The Kapp regime lasted until only March 18th (less than five days) before the general strike forced them to admit defeat and flee. But workers in many parts of the country, needing better pay and work conditions, yet also wanting at least some control over their workplaces and larger lives, refused to stop the strike. In the Ruhr Valley, where coal and iron miners and industrial laborers were the majority, detachments of armed workers in the Ruhr Red Army held out for weeks. With a combination of political maneuvering by the SPD and military violence by the Free Corps, the forces of the ruling class managed to slowly bring the uprising to an end. While another upsurge occurred in 1923 before the Revolution died out, the massive general strike that stopped the Kapp dictatorship from holding on to power in 1920 marked a high point in worker mobilization and was perhaps the best opportunity for the working class to actually seize power during the German Revolution. With that defeat, the rise of Nazism followed.


Lessons for Today
Despite the failure of the German Revolution and the tragic consequences of that failure, we can take lessons from the working-class response to the Kapp Putsch. The first is that the mass general strike is a powerful weapon that working people can use against the bosses and their governments. Since workers do the work that keeps the system running, when workers stop work, the system grinds to a halt. The German workers understood that their interests as workers were in conflict with the interests of the ruling class of capitalist bosses. The German working class knew that the Kapp Putsch was an attempt by the ruling class to destroy the democracy that the workers themselves had brought into being only one year earlier. They also knew that by withholding their labor, they possessed the most powerful force in their society, and that using it could defeat even seemingly powerful enemies.
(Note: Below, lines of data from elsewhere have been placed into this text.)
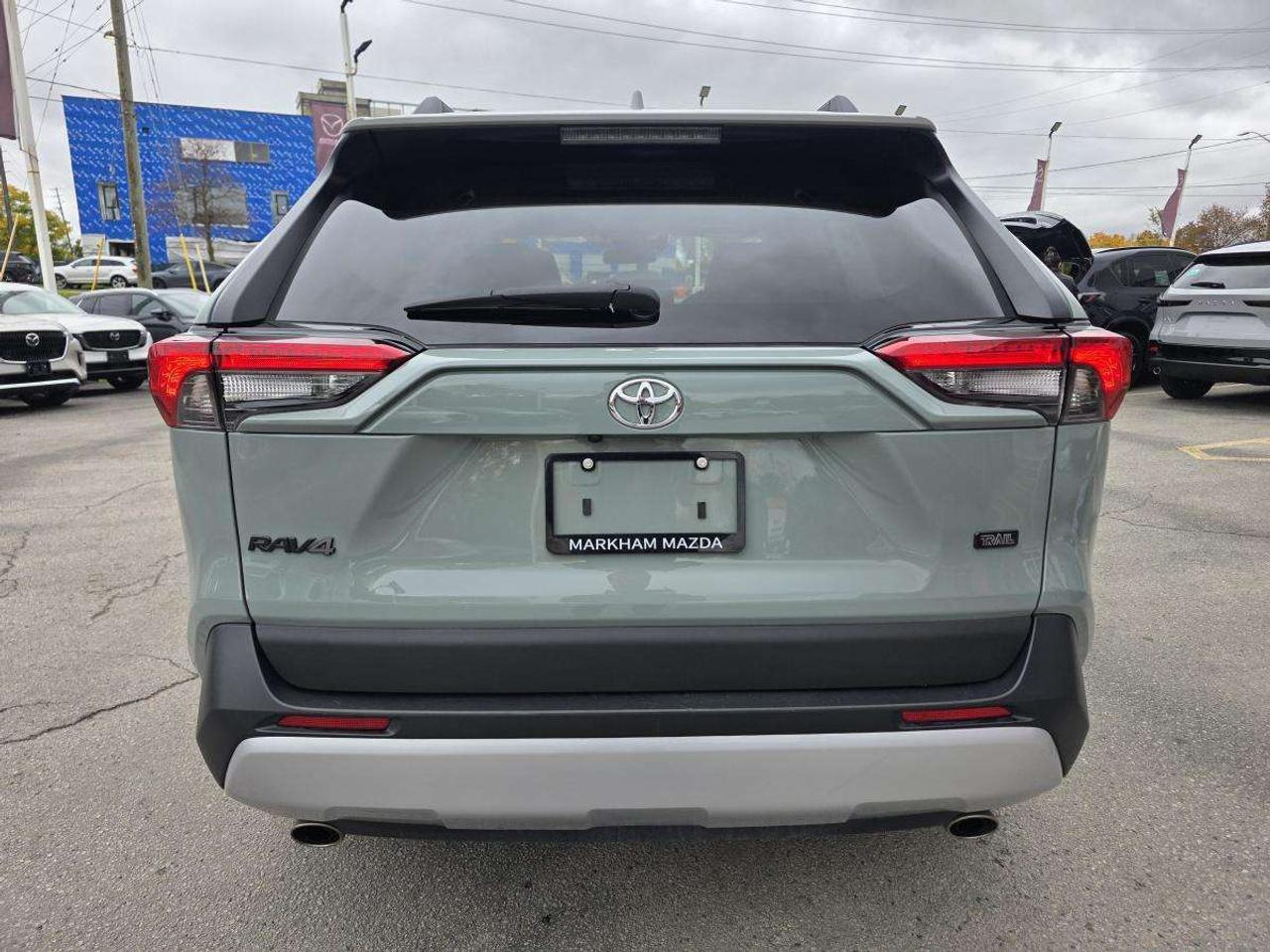 2023 Toyota RAV4 3500lb TOWING TRAIL AWD CLEAN CARFAX Photo4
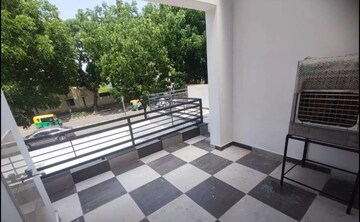 Balcony in 3 BHK Builder Floor at Sector 43 – for Rent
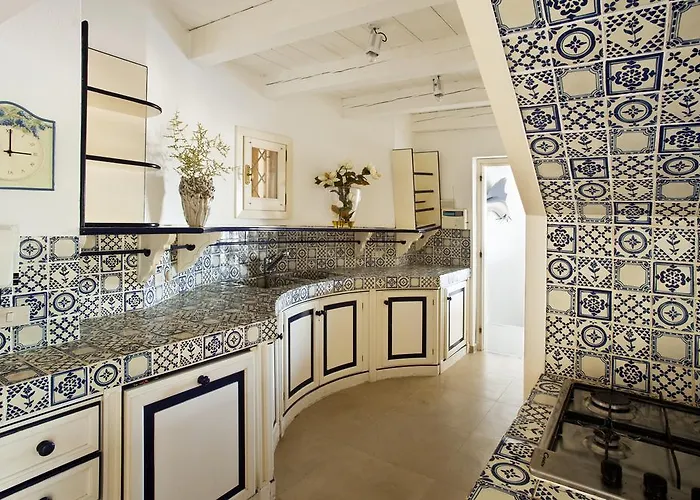 Dei Tramonti Villa *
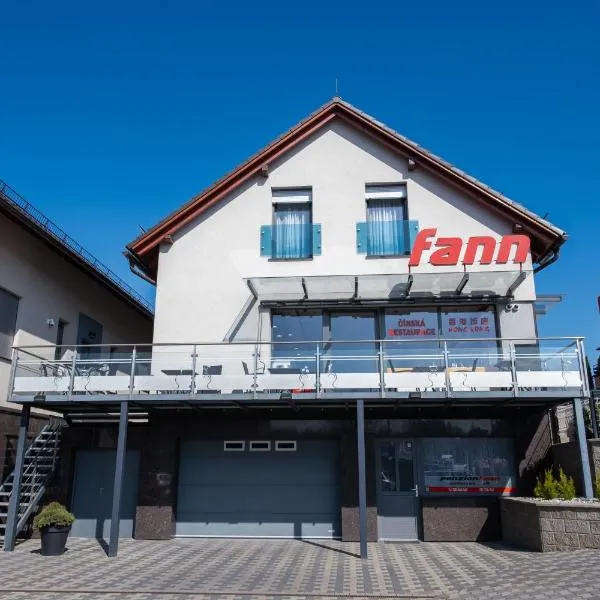 Penzion Fann, hotel v destinaci Humpolec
In the U.S. today, the working class is disorganized and politically inexperienced. We are under attack from an authoritarian leader and his powerful supporters, who are destroying gains that working people have won through previous struggles over many decades. We are facing an authoritarian leader and his powerful supporters who are working directly to dismantle what little democracy we ever had.

But despite all those weaknesses, we too have the power to stop them. When we organize, withhold our labor, and decide to struggle for power, the working class can be the most powerful force against reactionary aggression. Among other examples, the German working class of 1920 demonstrated that a general strike, organized and carried out for political purposes, can bring even powerful ruling classes and their generals to their knees. Their actions in 1920 stopped a military government from crushing their gains and creating a dictatorship.

On March 14, we remember the organized, collective action of the German workers in 1920. They are a reminder that we can’t wait for anyone to protect us from our enemies or save us. We can and must do so ourselves. The German working class in March 1920 provides us with a shining example of how we can do so.

Strikers march against the Kapp Putsch, March 1920.

Strikers who joined the Ruhr Red Army distribute arms in March 1920 in anticipation of conflict with Free Korps troops.